Because the thin metal trays 12 have limited surface area, the
surface currents thereon are less likely to reflect the horizontal
components back to the main beam radiation. In contrast, along the
edges of the respective trays 12 the stair cased baffles 35 have to
contain many of the vertical component vector currents.
Advantageously, by adding the RF absorber 39 into the RF choke 36,
the vertical components of each beam orientation are minimized from
reflecting back into the main beam radiation of the cross dipole
14. As such, cross dipoles 14 are not provided with a reflector
behind them.
A dual polarized variable beam tilt antenna having a superior
Sector Power Ratio (SPR). The antenna may have slant 45 degree
dipole radiating elements including directors, and may be disposed
on a plurality of tilted element trays to orient an antenna
boresight downtilt. The directors may be disposed above or about
the respective dipole radiating elements. The antenna has a beam
front-to-side ratio exceeding 20 dB, a horizontal beam
front-to-back ratio exceeding 40 dB, a high-roll off, and is
operable over an expanded frequency range.
Preferably, the element trays 12 are fabricated from brass alloy
and are treated with a tin plating finish for solderability. The
primary function of the element trays is to support the radiating
element 14 in a specific orientation, as shown. This orientation
provides more optimally balanced vertical and horizontal beam
patterns for both ports of the antenna 10. This orientation also
provides improved isolation between each port. Additionally, the
element trays 12 provide an RF grounding point at the coaxial
cable/airstrip interface.
The tray supports are preferably fabricated from aluminum alloy.
The primary function of the tray supports is to support the five
element trays 12 in a specific orientation that minimizes
horizontal pattern beam squint.
The external tray 22 is preferably fabricated from a thicker stock
of aluminum alloy than element trays 12, and is preferably treated
with an alodine coating to prevent corrosion due to external
environment conditions. A primary functions of the external tray 22
is to support the internal array components. A secondary function
is to focus the radiated RF power toward the forward sector of the
antenna 10 by minimizing radiation toward the back, thereby
maximizing the radiation pattern front-to-back ratio, as already
discussed.
Referring now to FIG. 3 there is depicted one radiator element 14
having N laterally extending parasitic broadband cross dipole
directors 40 disposed above the radiating element 14 and fed by the
airstrip feed network 30, as shown. N is 1, 2, 3, 4 . . . , where N
is shown to equal 4 in this embodiment. The upper laterally
extending members of parasitic broadband cross dipole director 40
are preferably uniformly spaced from one another, with the upper
members preferably having a shorter length, as shown for bandwidth
broadening.

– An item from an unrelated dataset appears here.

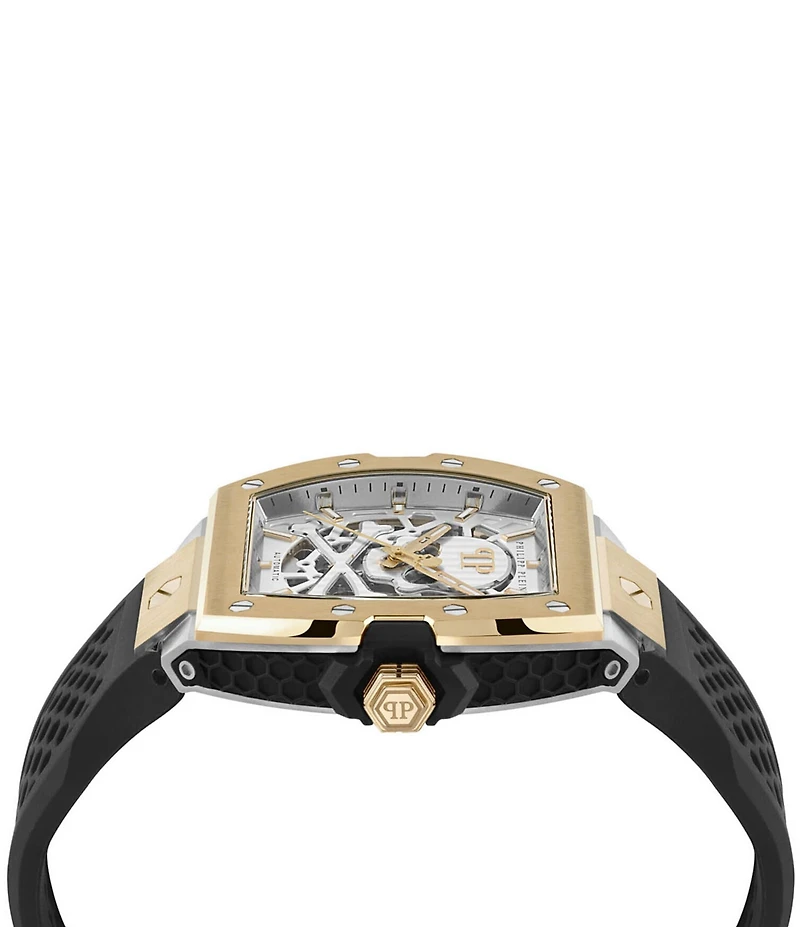 Philipp Plein Men's The Keleton 2.0 Automatic Silicone Strap Watch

The lower members of director 40 are more closely
spaced from the radiating element 14, so as to properly couple the
RF energy to the director in a manner that provides pattern
enhancement while maintaining an efficient impedance match such
that substantially no gain is realized by the director 40, unlike a
Yagi-Uda antenna having a reflector and spaced elements each
creating gain. Advantageously, rather than realized gain, an
improved pattern rolloff is achieved beyond the 3 dB beamwidth of
the radiation pattern while maintaining a similar 3 dB beamwidth.
Preferably, the upper elements of directors 40 are spaced about
0.033 lambda (center frequency) from one another, with the lower
director elements spaced from the radiating element 14 about 0.025
lambda by parasitic 42 (lambda being the wavelength of the center
frequency of the radiating element 14 design).
Referring now to FIG. 4 there is shown one low loss printed circuit
board (PCB) 50 having disposed thereon a microstrip capacitive
phase shifter system generally shown at 52. The low loss PCB 50 is
secured to the backside of the respective element tray 12.
Microstrip capacitive phase shifter system 52 is coupled to and
feeds the opposing respective pair of radiating elements 14 via the
respective cables 34.
As shown in FIG. 4, each microstrip phase shifter system 52
comprises a phase shifter wiper arm 56 having secured thereunder a
dielectric member 54 which is arcuately adjustable about a pivot
point 58 by a respective shifter rod 60. Shifter rod 60 is
longitudinally adjustable by a remote handle (not shown) so as to
selectively position the phase shifter wiper arm 56 and the
respective dielectric 54 across a pair of arcuate feedline portions
62 and 64 to adjust the phase velocity conducting therethrough.
Shifter rod 60 is secured to, but spaced above, PCB 50 by a pair of
non-conductive standoffs 66. The low loss coaxial cables 34 are
employed as the main transmission media providing electrical
connection between the phase shifter system 52 and the radiating
elements 14. Gain performance is optimized by closely controlling
the phase and amplitude distribution across the radiating elements
14 of antenna 10. The very stable phase shifter design shown in
FIG. 4 achieves this control.
Referring now to FIG. 5, there is shown the backside of the antenna
10 illustrating the cable feed network, each microstrip phase
shifter system 52 feeding one of the other polarized antennas 14.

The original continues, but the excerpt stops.